Hey Still In School,

What charting software are you using? Cost? yearly subscription Fees?


----------



## still_in_school (10 July 2004)

Hi Jet$,

mainly the stuff from paritech, like marketscan and metastock, but you can use the free ones off commsec and etrade, as they are interactive and allow you to do a few things, but  dont have all the indicators like the others... but still its plenty enough to do successful trades...

Cheers,
sis


----------



## JetDollars (10 July 2004)

Thank you Still In School.


----------



## still_in_school (10 July 2004)

grr... unfortantly FXJ, didnt get to rise above $3.77, and end up closing slightly lower than open, hopefully if it can break this resistance barrier... we will able to watch this stock find new support...

Cheers,
sis


----------



## still_in_school (30 July 2004)

fxj has finally broken resistance...

Cheers,
sis


----------



## stefan (1 August 2004)

Still in school,

Now that it has broken resistance, what do you expect it to do from here? Going up because resistance is broken or going up because it's undervalued, or going down because it's too expensive?

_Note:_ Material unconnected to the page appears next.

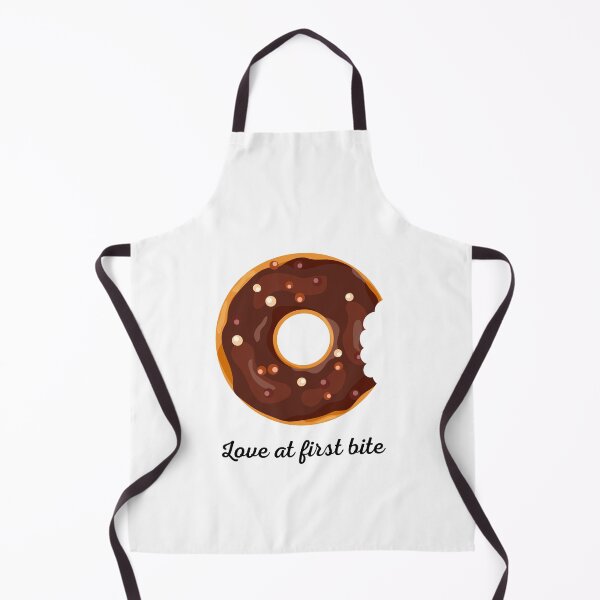 Item preview,  Love at first bite  - Doughnut designed and sold by DoodlesnPoodles.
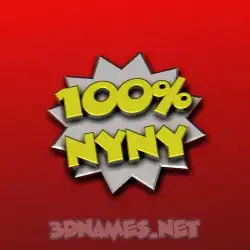 nyny in 100 Percent style - 3D name wallpaper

My point is, just because a stock is breaking some resitance point on a chart, doesn't mean much. Without substantial backing it is likely to fall back to old levels. Do you have a reason to believe that Fairfax could go higher from here? I'm always interested to hear about good picks.

Happy trading

Stefan


----------



## still_in_school (1 August 2004)

Hi Stefan,

John Fairfax Holdings Limited is a locally-owned public company that earns sales icoe through its newspapers magazines, entertainment publications and through the f2 internet Network.  Over the last 12 months it has *also expanded into New Zealand, by acquiring a leading newspaper group in NZ.*  The newspaper publishing group is Austrlia's largest with mastheads that include *"The Sydney Morning Herald, The AGe, The Australian Financial Review, BRW and The Sun Herald"*

FXJ has recently upgraded its forecast for the full year 2004 (results announced 26th August) by 5% above most analyst's forecast.

*Technical Analysis* after some sound consolidation pattern along the previous resistance line, FXJ has broken through the long downward trend.... suggesting a further upward trend, previous history suggests that a break above this consolidation pattern will have a potential push toward the target area of $4.10

Cheers,
sis


----------



## stefan (1 August 2004)

Sis,

Thanks for the update on Fairfax. Much appreciated. I'll put it on my watchlist for further investigation. 

Have a nice weekend

Stefan


----------



## Garpal Gumnut (18 December 2011)

And some say they were the "good old days".

Think of the attrition of capital from all the so-called blue chips of just 6 or 7 years ago.

Carpe diem and cave canem.

gg


----------